Tip #3: You May Need More Than One Type of Database
During the modeling process, you may realize that you need to store your data in a specific data structure, where certain queries can’t be optimized fully. This may be due to some complex search requirements, the need for robust reporting capabilities, caching, or the requirement for a data pipeline to accept and analyze incoming data. In these situations, more than one type of database may be required for your application.
When adopting more than one database, it’s important to select one database that will own a specific set of data. This database becomes the canonical database for those entities or for a specific context. Any additional databases that work with this same data may have a copy, but they will not be considered an owner of this data.
For example, we may decide that a relational database is the best data structure for our application. However, we need to support a robust, faceted search within our application.

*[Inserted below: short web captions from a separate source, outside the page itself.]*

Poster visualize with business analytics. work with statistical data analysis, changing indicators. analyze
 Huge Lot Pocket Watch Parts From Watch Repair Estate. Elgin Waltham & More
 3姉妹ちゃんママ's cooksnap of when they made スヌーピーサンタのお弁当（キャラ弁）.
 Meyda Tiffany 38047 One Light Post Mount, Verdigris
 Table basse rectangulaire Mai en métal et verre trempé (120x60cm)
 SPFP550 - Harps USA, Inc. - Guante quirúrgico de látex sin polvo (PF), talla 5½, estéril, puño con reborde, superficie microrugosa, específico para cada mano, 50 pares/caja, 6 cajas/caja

In this case, we may choose PostgreSQL or MySQL for our canonical data store for all our entities. We then choose to use a document database such as Elasticsearch to index our entities by specific fields and facets. Elasticsearch may also store some basic details about our entities, such as name and description, so that our search results provide useful results. However, Elasticsearch does not own our entity data and we do not query it for the latest details. Instead, we consider the relational database the canonical source for the entity details and updates. We then keep Elasticsearch updated when data is changed in our relational database.
It’s important to be thoughtful when adopting more than one database. Otherwise, your application may behave inconsistently and result in frustrated customers.
Putting it All Together
To summarize the process I use for selecting a database:
- Understand the data structure(s) you require, the amount of data you need to store/retrieve, and the speed/scaling requirements
- Model your data to determine if a relational, document, columnar, key/value, or graph database is most appropriate for your data.
- During the modeling process, consider things such as the ratio of reads-to-writes, along with the throughput you will require to satisfy reads and writes.
- Consider the use of multiple databases to manage data under different contexts/usage patterns.
- Always use a master database to store and retrieve canonical data, with one or more additional databases to support additional features such as searching, data pipeline processing, and caching.